Microsoft is clearing the fog around its move into 64-bit computing. At the Windows .Net Server DevCon conference here this week, Microsoft devoted much of its time to a new 64-bit Windows release and accompanying applications, which are due to reach customers early next year.
Historically associated with Unix operating systems, 64-bit systems are designed to run high-performance applications for use in scientific research, Web hosting and databases.
Microsoft is a relatively new entrant into the space. The Redmond, Washington, company released its first major 64-bit operating system, Windows Advanced Server Limited Edition, last year to work with Intel Corp.'s Itanium processors. That release so far has been adopted only by some high-end customers, according to Bob O'Brien, Microsoft group product manager for the Windows .Net Server division.
Now the company is working to make its 64-bit operating system a bigger player in its portfolio as Intel and Advanced Micro Devices Inc. (AMD) make progress toward developing low-cost 64-bit processors. Early next year Microsoft will introduce the 64-bit Windows .Net Server 2003 Datacenter Edition. One way Microsoft is increasing its profile in the space is by releasing critical applications that are designed to run on that operating system, most notably its SQL Server database software.
"It's the last nail in the coffin for why a customer would want to move off of Unix," said Sheryl Tullis, product manager of Microsoft's SQL Server group, during an interview Wednesday. A scalable database application is what many customers say they require in order to use Microsoft products deep in the enterprise, she said.
Microsoft released the first beta version of SQL Server 2000 Enterprise Edition 64-bit in July, when Intel launched its Itanium 2 chip, and is expected to ship a final version in tandem with the release of Windows .Net Server 2003 Datacenter Edition, Tullis said.

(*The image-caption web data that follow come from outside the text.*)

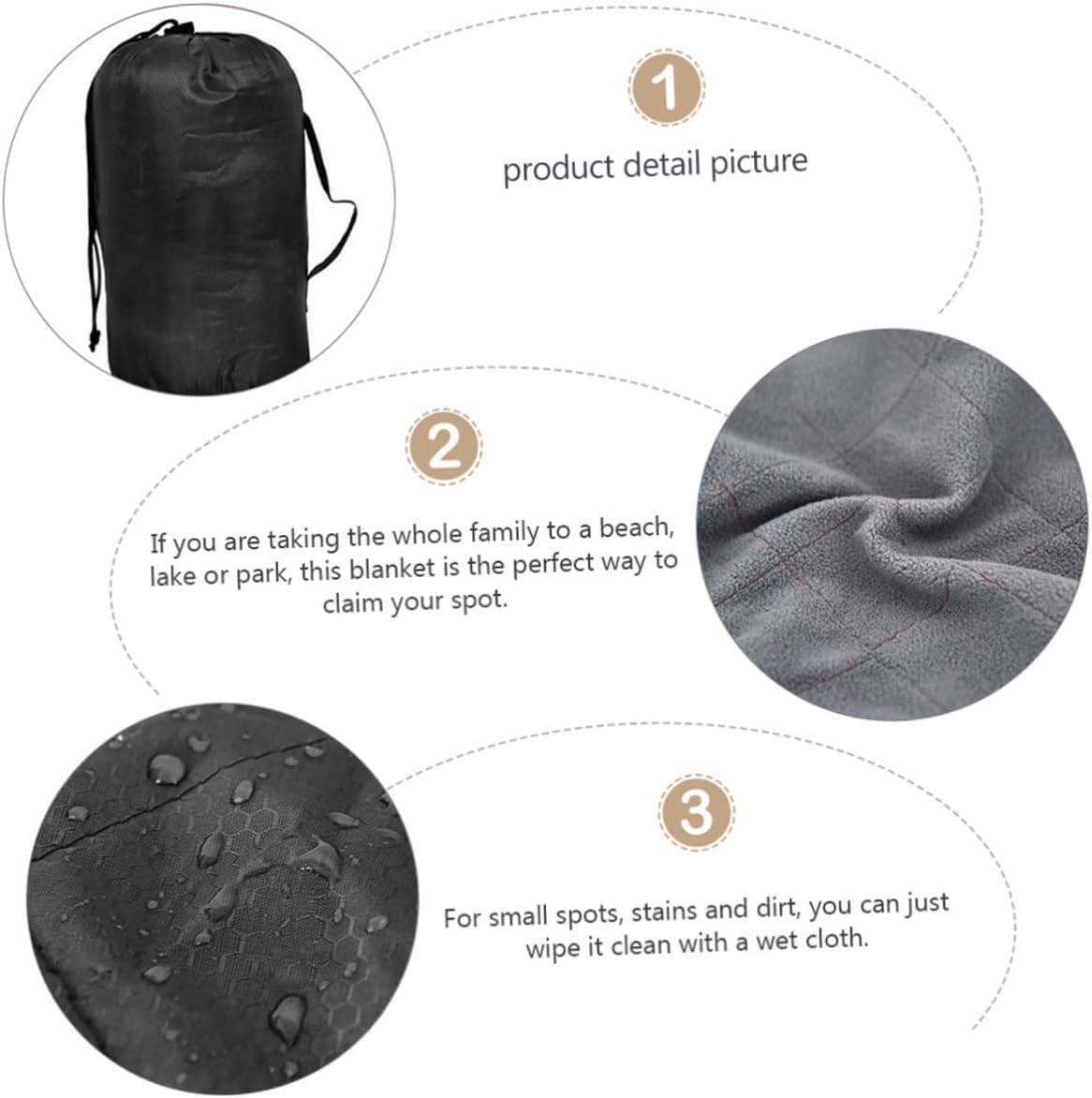 Waterproof Camping Blanket Fleece Nap Blanket Warm Outdoor Picnic Mat Portable Moisture-Resistant Ground Cover for Hiking Beach and Travel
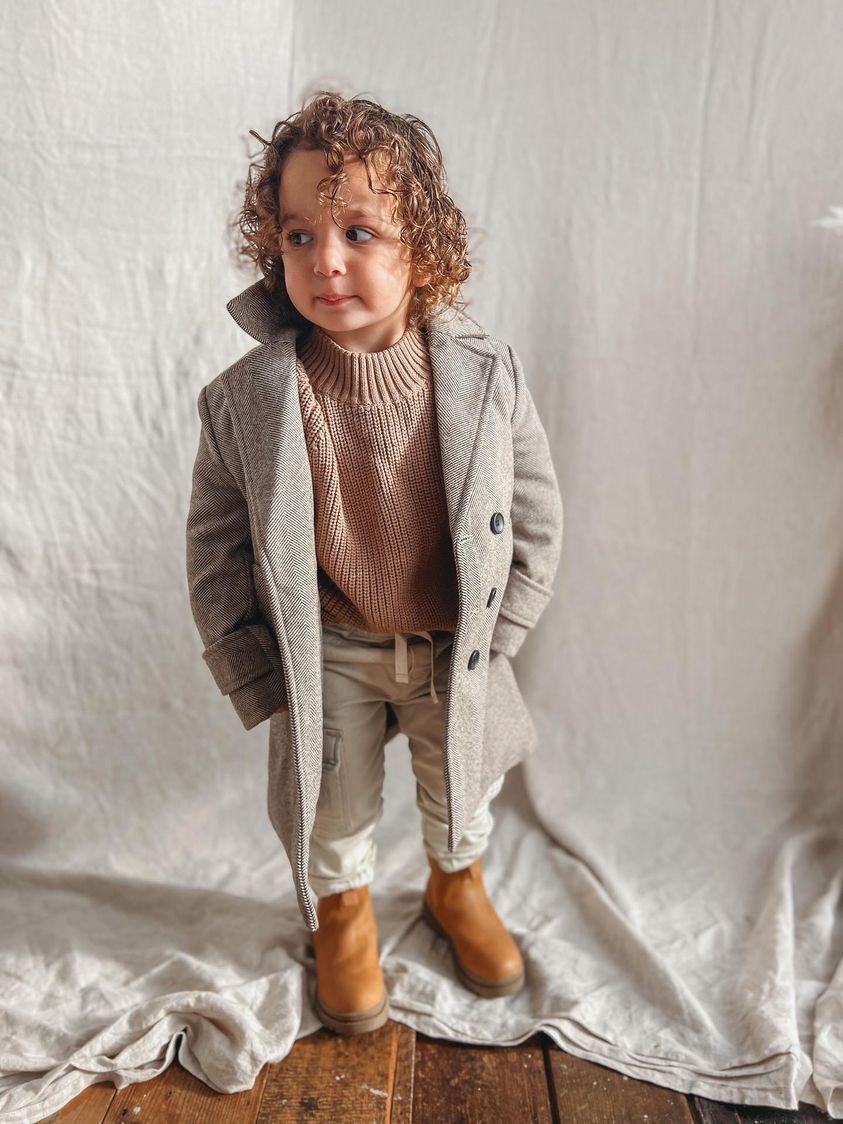 Boys Winter Luxe Coat - Tan Size 2-12 Years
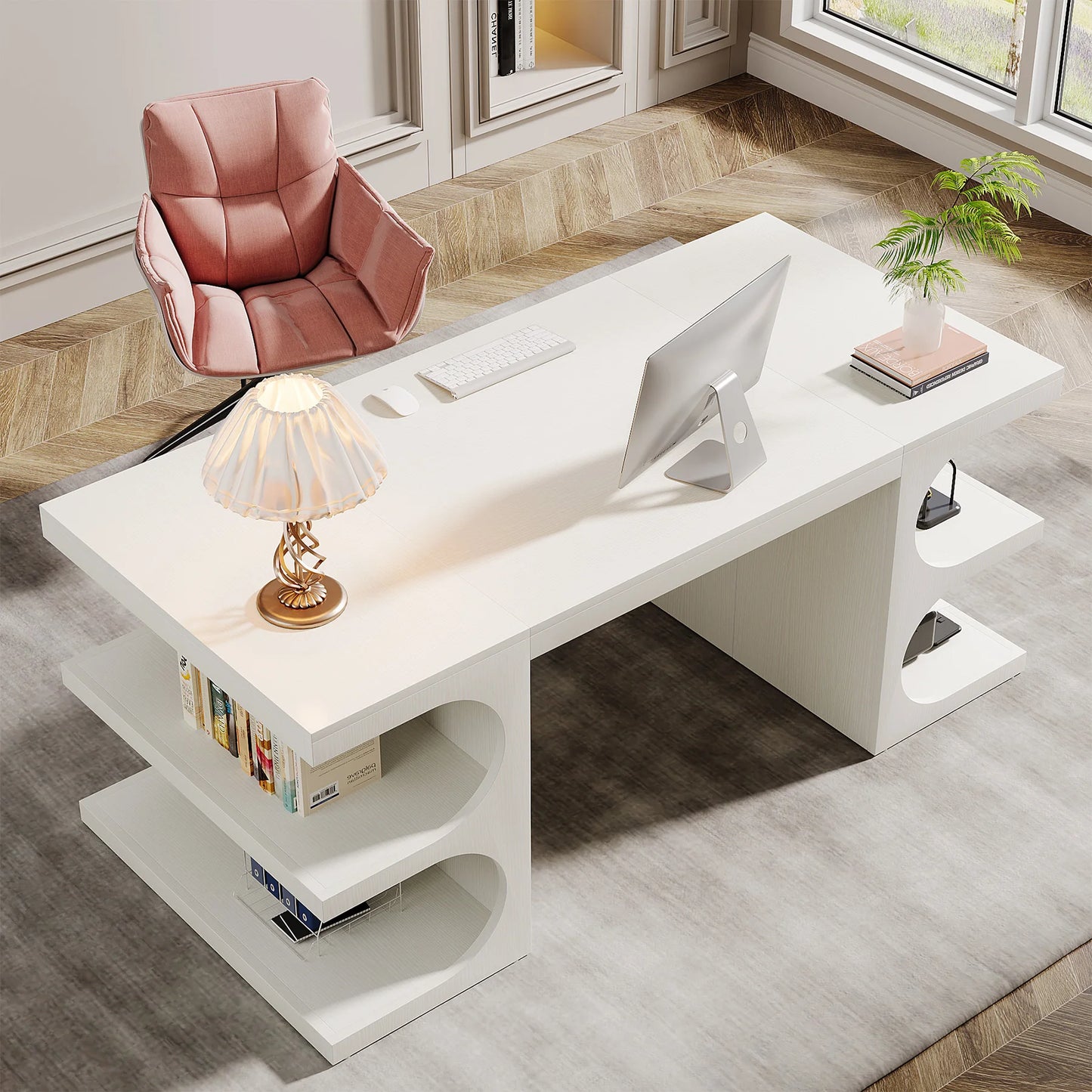 Tribesigns Modern Executive Office Desk, 63-Inch Large Computer Home Office Desk with Storage Shelves, Wood Study Writing Table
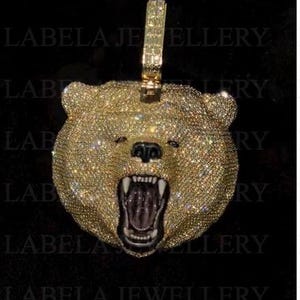 Pendentif emoji fantôme CZ jaune VVS Panda Design, pendentif pierre jaune | Pendentif dessin animé personnalisé 3D entièrement glacé | Pendentif hip hop en argent 925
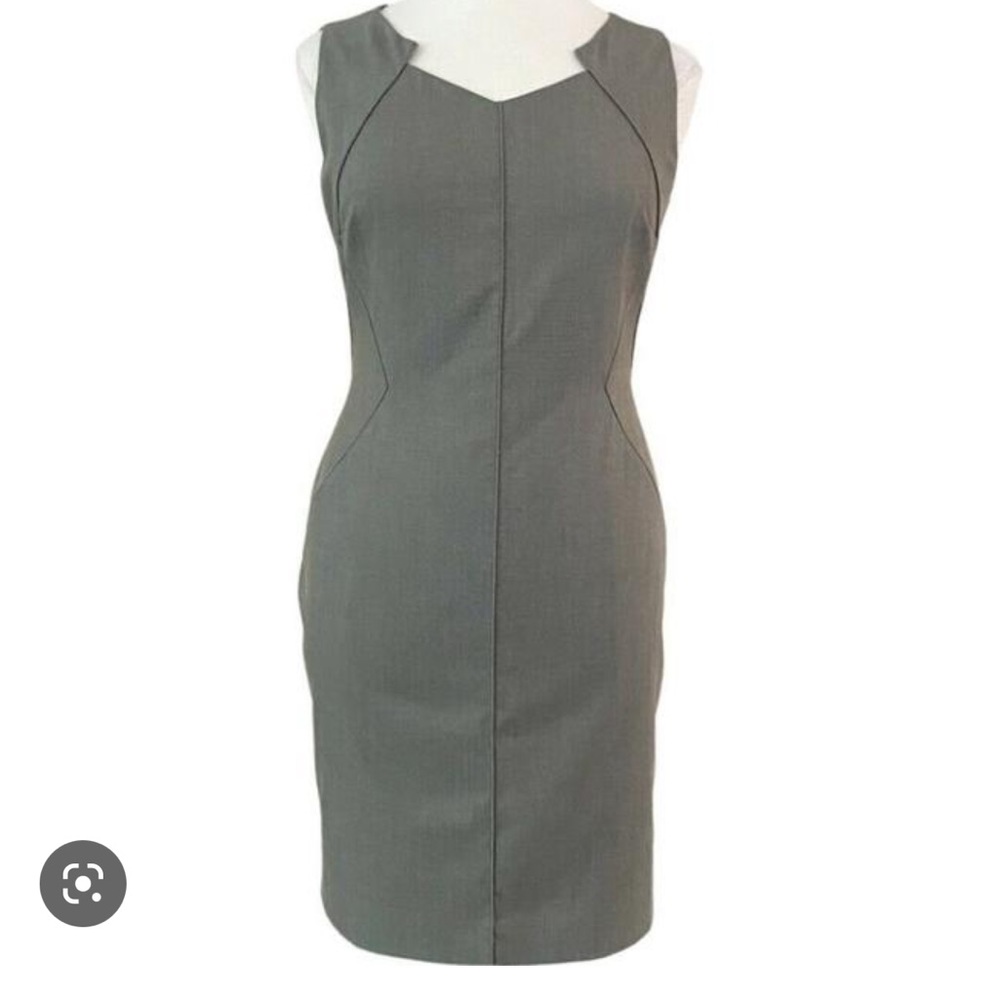 Antonio Melani Taupe Sleeveless V-neck Avery Hunter Piped Sheath Dress 4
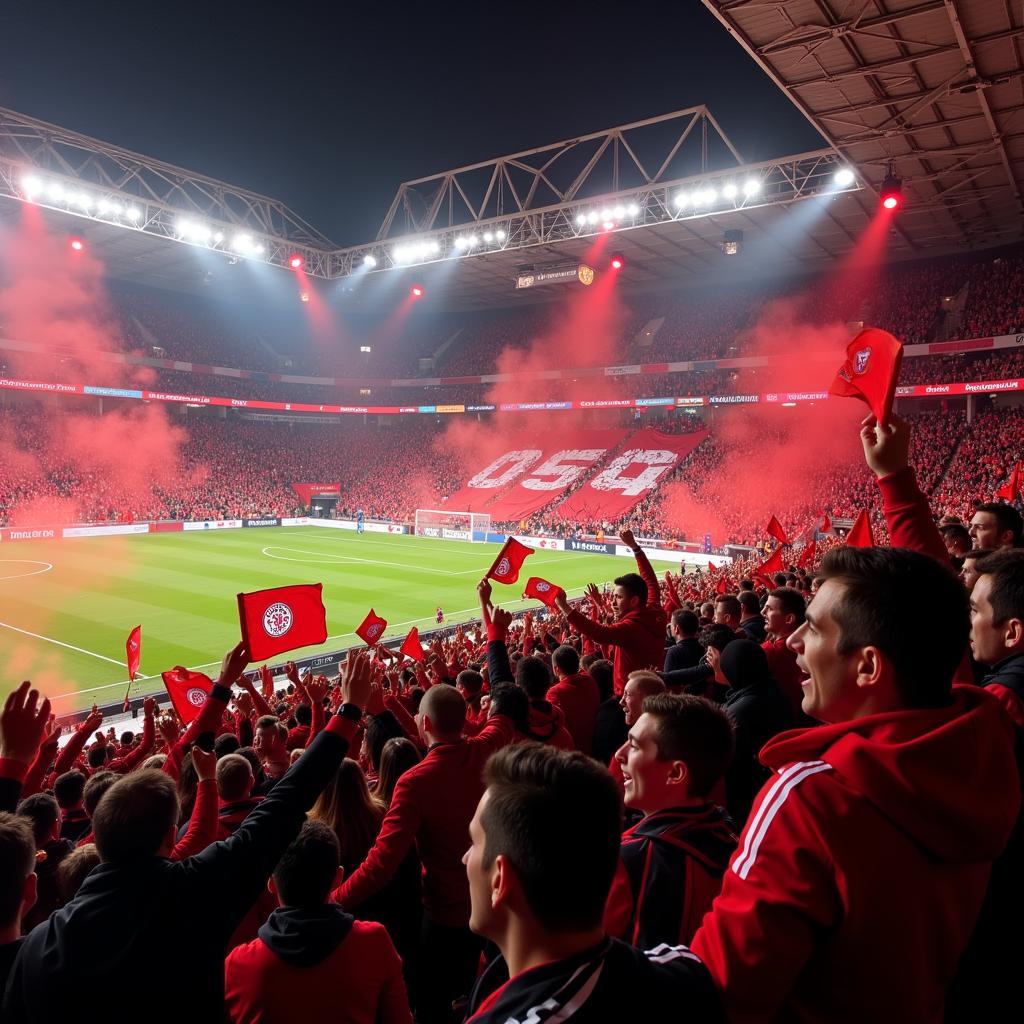 Fans feiern Sieg Bayer 04 Leverkusen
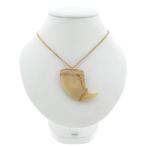 Gouden gourmetschakel ketting met vaste hanger van een ti..., Sieraden, Tassen en Uiterlijk, Kettingen, Ophalen of Verzenden, Gebruikt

Moving to Windows on Intel-based systems to run large database applications, as opposed to using Unix on hardware with RISC (Reduced Instruction Set Computing) processors, has its advantages, according to at least one attendee here.
Dollar Rent A Car Systems Inc., one of Microsoft's flagship early adopters of its .Net Web services technology, has tested the beta version of SQL Server 2000 Enterprise Edition 64-bit. Dollar built a new front end for its reservation system using .Net Web services based on XML (Extensible Markup Language). The company also spent more than a month testing the 64-bit version of SQL Server 2000. It currently runs Oracle Corp.'s database software for Unix.
"I was blown away by the speed," said Larry Scott, IT services manager at the Tulsa, Oklahoma, car rental company. Comparing it to work he has done with 32-bit versions of Microsoft's database, he said its ability to manage application memory was impressive.
"I think you can make a pretty strong business case -- both in software licensing fees and hardware platform costs -- that it's going to be cheaper (than Oracle)," Scott said.
A server from Unisys Corp., running test versions of Microsoft's 64-bit operating system and database software, was demonstrated here Wednesday. Steven Jones, director of program management at Unisys, demonstrated the system running side-by-side with a 32-bit version of the same software configuration. The 64-bit simulation was able to query the database more than 2,000 times per minute, compared to about 300 queries per minute on the 32-bit system.
Vendors of the Linux operating system also say they can offer affordable alternatives to Unix with their open source operating system and emerging 64-bit servers. Red Hat Inc. has committed to releasing a version of its operating system to run on Itanium 2-based servers as well as those with 64-bit chips from AMD. Red Hat has also worked closely with Oracle to make the vendor's database software ready for Linux. Additionally, IBM Corp. is working on a version of its DB2 database software for Linux on AMD's 64-bit chips.
Some customers working to migrate off of Unix systems are choosing Linux to make the move. That's the case at Varian Inc., a maker of laboratory and medical equipment in Palo Alto, California. The company is planning to replace its 64-bit Unix server, used to run software from SAP AG, with Linux-based servers, according to Stewart Woodruff, a systems manager with Varian Medical Systems, a division of the company that manufactures medical devices.
"They're definitely looking to go totally open source," Woodruff said at the conference. "They want to get away from being too dependent on a single vendor."
Meanwhile, Woodruff said his division will stick with Microsoft software, as he is looking forward to new innovations being promised with .Net. "We're going to stay with Microsoft, because we've got so much invested in it," he said.
Systems based on 64-bit chips have more addressable memory for applications than those based on 32-bit chips. However, some of Microsoft's customers say they don't have a need for the horsepower of 64-bit Windows, especially in its current state of development. Woodruff said he has yet to wade in the 64-bit Windows waters, mainly because his group doesn't have any need for the processing power.
The same is true for Roy Vawter, senior section manager with manufacturing technology company Siemens Dematic AG, who also attended the Windows conference.
"We'll definitely let somebody else blaze the path on that," he said.